• Excerpted data:
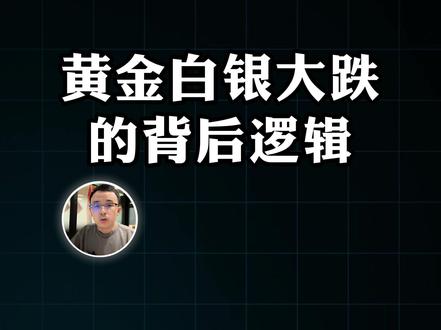 黄金白银暴跌,行情要结束了吗?看懂黄金白银大跌的背后逻辑 更多干货分享,欢迎通过主页找到我们! #黄金#白银 #黄金暴跌 #资产配置 #轻舟财富club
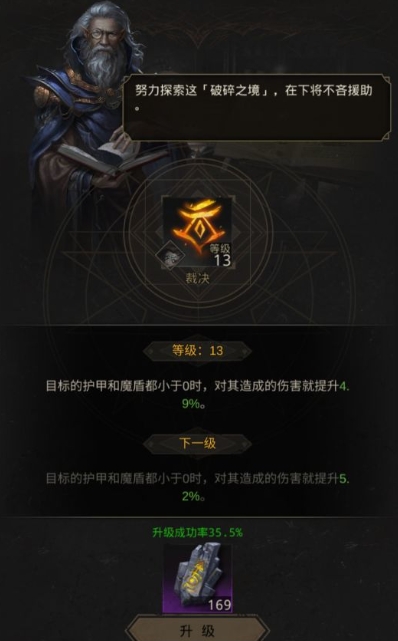 地下城堡3破败神殿装备攻略中有什么技巧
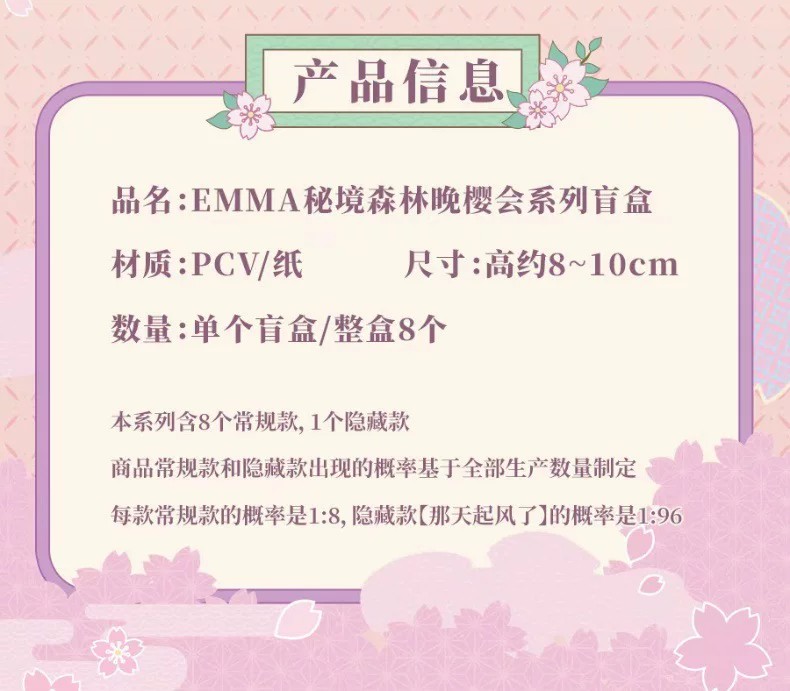 Emma秘境森林晚樱会系列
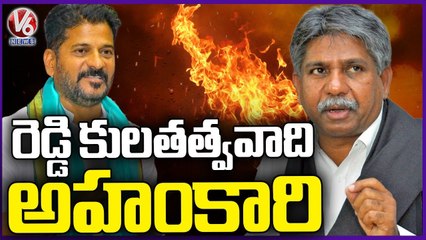 Manda Krishna Madiga Comments On Revanth Reddy _ V6 News (6)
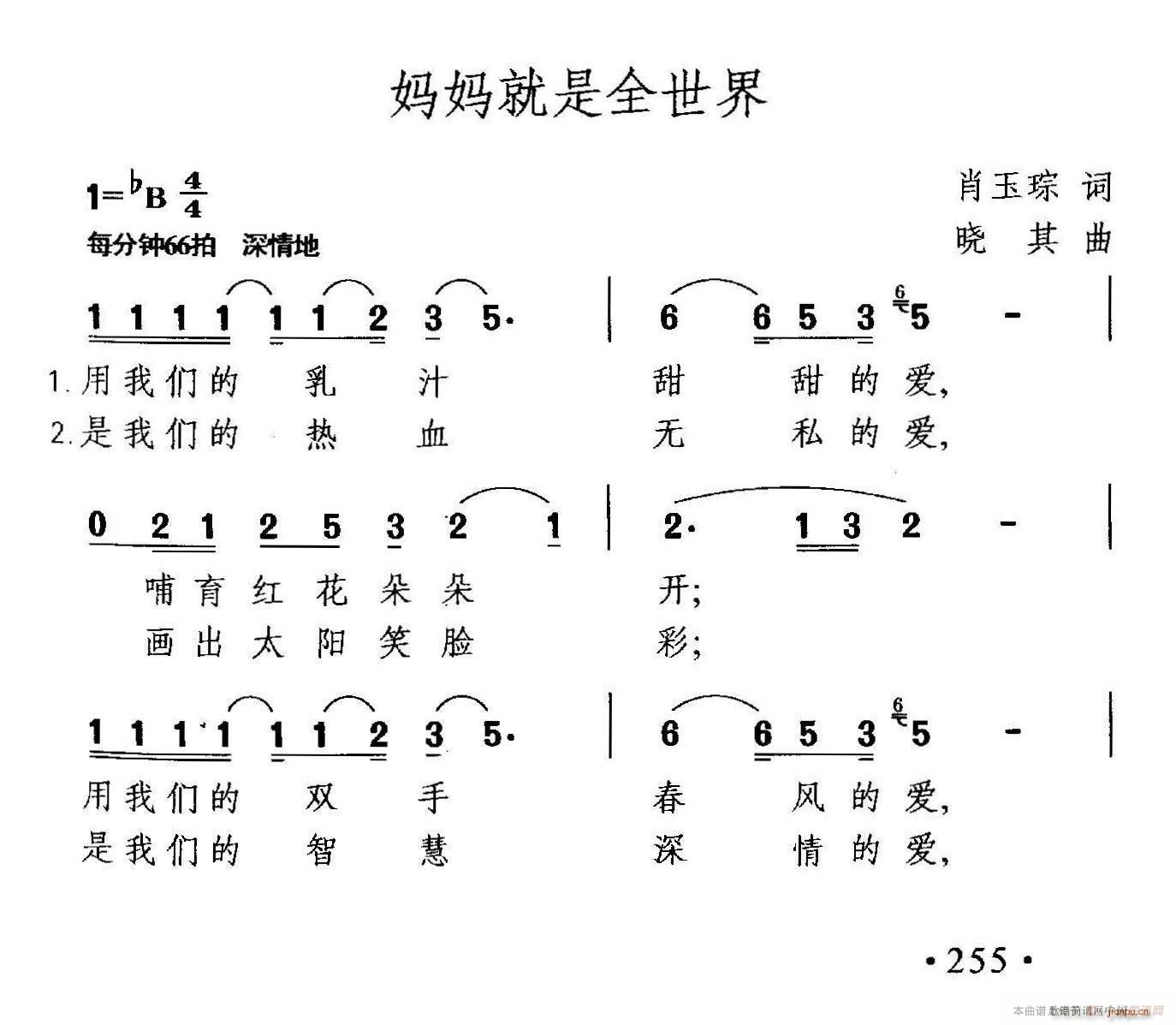 妈妈就是全世界(七字歌谱)1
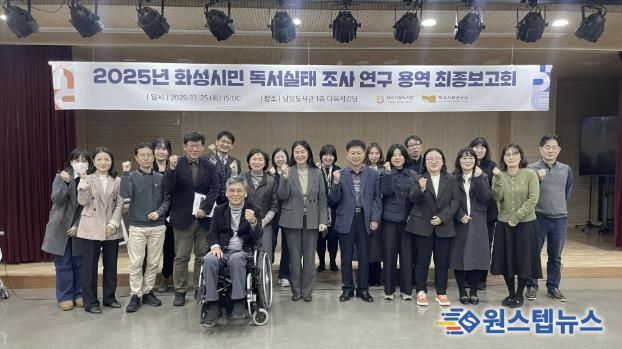 지난 25일 열린 화성특례시 독서실태조사 용역 최종보고회 참석자들이 기념 촬영을 하고 있다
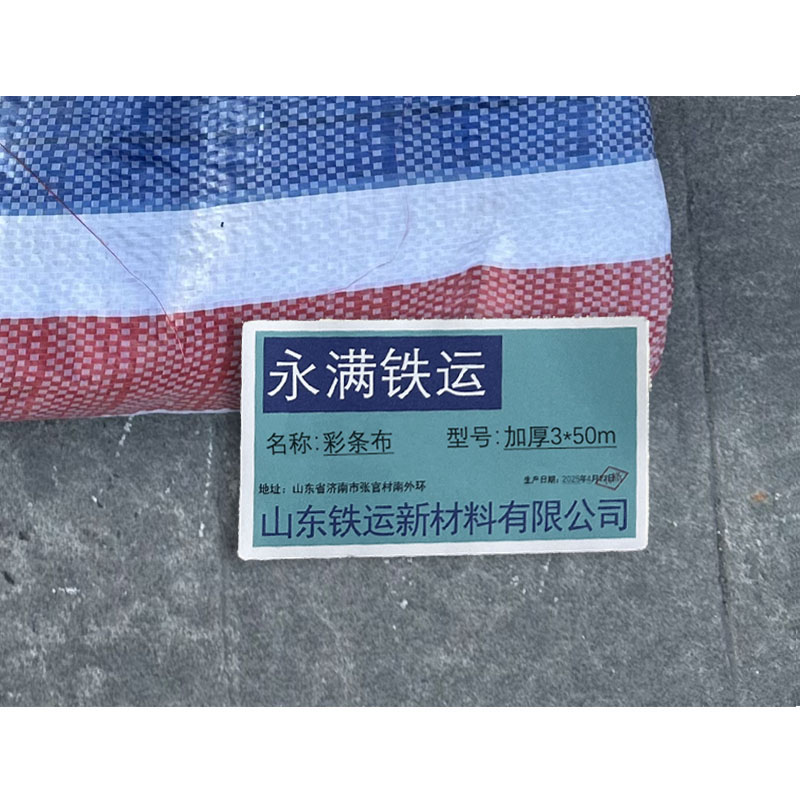 永满铁运 彩条布 加厚3*50m 卷高清大图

• What the task asks: Could you transcribe exactly the lines running from the one with "地下城堡3破败神殿装备攻略中有什么技巧" to the final line of the material above, both included, with no pictures?

• Written answer:
 地下城堡3破败神殿装备攻略中有什么技巧
 Emma秘境森林晚樱会系列
 Manda Krishna Madiga Comments On Revanth Reddy _ V6 News (6)
 妈妈就是全世界(七字歌谱)1
 지난 25일 열린 화성특례시 독서실태조사 용역 최종보고회 참석자들이 기념 촬영을 하고 있다
 永满铁运 彩条布 加厚3*50m 卷高清大图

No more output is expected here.